Geographic Footprint: J & J Snack Foods Corp. primarily operates in the United States, with additional frozen beverage sales and distribution in Mexico and Canada. The Company also leases smaller warehouse and distribution facilities in Australia and China.
- United States Revenue: $1,513.6 million (95.6% of total revenue) in fiscal 2025.
- Other Countries Revenue: $69.6 million (4.4% of total revenue) in fiscal 2025.
- United States Assets: $1,302.4 million (94.3% of total assets) as of September 27, 2025.
- Other Countries Assets: $79.1 million (5.7% of total assets) as of September 27, 2025.
Financial Performance
Revenue Analysis
| Metric | Current Year (FY2025) | Prior Year (FY2024) | Change |
|---|---|---|---|
| Total Revenue | $1,583.2 million | $1,574.8 million | +0.5% |
| Gross Profit | $469.9 million | $486.1 million | -3.3% |
| Operating Income | $84.3 million | $117.5 million | -28.3% |
| Net Income | $65.6 million | $86.6 million | -24.2% |
Profitability Metrics (FY2025):
- Gross Margin: 29.7% (down from 30.9% in FY2024)
- Operating Margin: 5.3% (down from 7.5% in FY2024)
- Net Margin: 4.1% (down from 5.5% in FY2024)
Investment in Growth (FY2025):
- R&D Expenditure: $1.4 million (0.1% of revenue)

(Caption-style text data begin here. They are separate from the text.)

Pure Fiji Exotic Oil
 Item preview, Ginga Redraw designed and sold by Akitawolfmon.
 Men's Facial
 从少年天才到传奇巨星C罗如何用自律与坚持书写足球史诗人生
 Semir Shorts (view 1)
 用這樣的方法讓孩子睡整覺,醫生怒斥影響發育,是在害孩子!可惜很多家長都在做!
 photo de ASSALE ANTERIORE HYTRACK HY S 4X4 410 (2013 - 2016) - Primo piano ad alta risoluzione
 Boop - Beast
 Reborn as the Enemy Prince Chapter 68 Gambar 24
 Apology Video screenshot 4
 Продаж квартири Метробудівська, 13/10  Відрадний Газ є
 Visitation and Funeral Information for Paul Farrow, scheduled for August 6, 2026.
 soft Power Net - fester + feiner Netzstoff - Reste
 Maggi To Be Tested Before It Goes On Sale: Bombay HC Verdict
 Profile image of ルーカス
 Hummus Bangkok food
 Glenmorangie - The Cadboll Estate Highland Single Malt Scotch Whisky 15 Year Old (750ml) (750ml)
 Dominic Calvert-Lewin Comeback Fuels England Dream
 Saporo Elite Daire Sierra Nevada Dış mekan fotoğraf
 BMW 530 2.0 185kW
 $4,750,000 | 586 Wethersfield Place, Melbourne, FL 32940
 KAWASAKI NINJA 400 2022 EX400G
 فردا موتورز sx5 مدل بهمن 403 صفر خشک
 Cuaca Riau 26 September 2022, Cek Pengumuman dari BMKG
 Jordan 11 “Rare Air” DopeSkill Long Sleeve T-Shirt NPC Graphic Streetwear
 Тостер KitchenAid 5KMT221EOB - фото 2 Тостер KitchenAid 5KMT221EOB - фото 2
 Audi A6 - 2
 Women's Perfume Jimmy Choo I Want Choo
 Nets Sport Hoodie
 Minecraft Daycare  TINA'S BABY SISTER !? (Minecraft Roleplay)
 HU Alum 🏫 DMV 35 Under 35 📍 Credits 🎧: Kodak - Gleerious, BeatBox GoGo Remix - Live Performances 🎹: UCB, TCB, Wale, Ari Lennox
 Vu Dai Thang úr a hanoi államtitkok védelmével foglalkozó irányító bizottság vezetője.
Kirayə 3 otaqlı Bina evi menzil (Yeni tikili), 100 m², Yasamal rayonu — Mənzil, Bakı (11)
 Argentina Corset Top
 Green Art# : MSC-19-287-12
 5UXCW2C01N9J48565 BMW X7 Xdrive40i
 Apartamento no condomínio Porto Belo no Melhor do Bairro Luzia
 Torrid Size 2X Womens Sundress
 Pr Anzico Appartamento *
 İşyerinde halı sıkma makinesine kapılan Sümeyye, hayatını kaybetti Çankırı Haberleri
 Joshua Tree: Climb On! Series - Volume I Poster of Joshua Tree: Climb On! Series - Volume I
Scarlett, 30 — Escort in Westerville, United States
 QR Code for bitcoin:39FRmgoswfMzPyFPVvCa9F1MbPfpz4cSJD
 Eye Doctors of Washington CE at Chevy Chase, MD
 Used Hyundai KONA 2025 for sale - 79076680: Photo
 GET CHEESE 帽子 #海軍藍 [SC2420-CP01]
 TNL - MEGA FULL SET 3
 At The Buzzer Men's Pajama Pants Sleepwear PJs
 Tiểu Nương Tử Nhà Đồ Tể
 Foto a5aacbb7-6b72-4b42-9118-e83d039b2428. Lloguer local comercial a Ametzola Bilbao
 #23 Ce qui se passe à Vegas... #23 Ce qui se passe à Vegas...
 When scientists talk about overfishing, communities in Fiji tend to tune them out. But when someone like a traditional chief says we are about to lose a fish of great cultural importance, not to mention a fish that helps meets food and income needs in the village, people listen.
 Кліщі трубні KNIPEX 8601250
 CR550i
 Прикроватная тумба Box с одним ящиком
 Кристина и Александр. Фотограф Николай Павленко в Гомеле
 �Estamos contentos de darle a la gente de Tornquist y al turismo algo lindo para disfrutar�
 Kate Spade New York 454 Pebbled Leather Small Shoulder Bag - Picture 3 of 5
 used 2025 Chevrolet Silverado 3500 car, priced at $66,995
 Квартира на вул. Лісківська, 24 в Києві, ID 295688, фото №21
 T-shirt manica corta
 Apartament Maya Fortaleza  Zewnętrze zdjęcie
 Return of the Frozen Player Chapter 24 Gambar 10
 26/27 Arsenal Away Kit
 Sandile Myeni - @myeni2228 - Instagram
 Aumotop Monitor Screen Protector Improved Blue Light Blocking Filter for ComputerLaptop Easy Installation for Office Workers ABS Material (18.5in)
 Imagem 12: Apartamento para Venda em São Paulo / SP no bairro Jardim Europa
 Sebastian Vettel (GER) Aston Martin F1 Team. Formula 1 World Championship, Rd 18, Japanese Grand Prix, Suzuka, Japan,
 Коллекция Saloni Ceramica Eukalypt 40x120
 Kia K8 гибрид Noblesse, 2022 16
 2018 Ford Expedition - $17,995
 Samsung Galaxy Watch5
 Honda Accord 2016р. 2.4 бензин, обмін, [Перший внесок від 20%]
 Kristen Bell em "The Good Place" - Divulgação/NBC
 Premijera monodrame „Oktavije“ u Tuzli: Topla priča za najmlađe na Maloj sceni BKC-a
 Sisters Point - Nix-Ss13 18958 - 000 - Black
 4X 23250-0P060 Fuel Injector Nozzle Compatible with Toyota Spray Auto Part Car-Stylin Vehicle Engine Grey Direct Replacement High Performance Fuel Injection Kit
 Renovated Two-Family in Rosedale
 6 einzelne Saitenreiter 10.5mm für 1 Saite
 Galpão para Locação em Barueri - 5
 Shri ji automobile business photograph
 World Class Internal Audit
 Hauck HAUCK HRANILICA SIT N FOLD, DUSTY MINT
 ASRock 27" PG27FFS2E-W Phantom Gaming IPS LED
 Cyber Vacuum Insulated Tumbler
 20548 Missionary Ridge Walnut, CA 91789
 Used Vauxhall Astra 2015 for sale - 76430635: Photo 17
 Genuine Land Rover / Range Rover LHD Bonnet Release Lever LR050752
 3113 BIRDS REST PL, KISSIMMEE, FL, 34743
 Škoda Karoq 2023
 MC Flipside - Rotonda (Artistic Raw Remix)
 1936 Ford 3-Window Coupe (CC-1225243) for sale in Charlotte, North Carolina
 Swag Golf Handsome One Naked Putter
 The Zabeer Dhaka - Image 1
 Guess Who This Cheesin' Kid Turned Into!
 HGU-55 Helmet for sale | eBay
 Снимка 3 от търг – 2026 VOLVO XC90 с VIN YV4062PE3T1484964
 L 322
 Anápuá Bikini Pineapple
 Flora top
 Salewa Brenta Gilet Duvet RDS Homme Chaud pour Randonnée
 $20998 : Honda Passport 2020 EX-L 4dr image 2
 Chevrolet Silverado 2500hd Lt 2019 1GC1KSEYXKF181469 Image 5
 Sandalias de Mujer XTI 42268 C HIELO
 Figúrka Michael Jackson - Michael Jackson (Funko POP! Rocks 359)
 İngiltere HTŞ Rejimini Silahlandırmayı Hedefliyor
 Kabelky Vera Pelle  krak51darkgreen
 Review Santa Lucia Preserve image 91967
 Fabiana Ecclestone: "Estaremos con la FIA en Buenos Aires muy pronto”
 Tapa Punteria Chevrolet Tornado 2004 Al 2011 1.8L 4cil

- Capital Expenditures: $82.9 million
- Strategic Investments: Project Apollo initiatives (including plant consolidation and optimization), and the acquisition of the Thinsters cookie business for $7.0 million in fiscal 2024.
Business Segment Analysis
Food Service
Financial Performance (FY2025):
- Revenue: $1,001.4 million (+1.6% YoY)
- Operating Income: $64.8 million (-12.7% YoY)
- Operating Margin: 6.5% (down from 7.5% in FY2024)
- Key Growth Drivers: Strong second-half volume increases in soft pretzels (notably Bavarian pretzels), price increases, and a 3% increase in DIPPIN’ DOTS sales. Bakery product sales increased due to contractual pricing true-ups and targeted price increases. Handheld sales benefited from strong volume and pricing increases.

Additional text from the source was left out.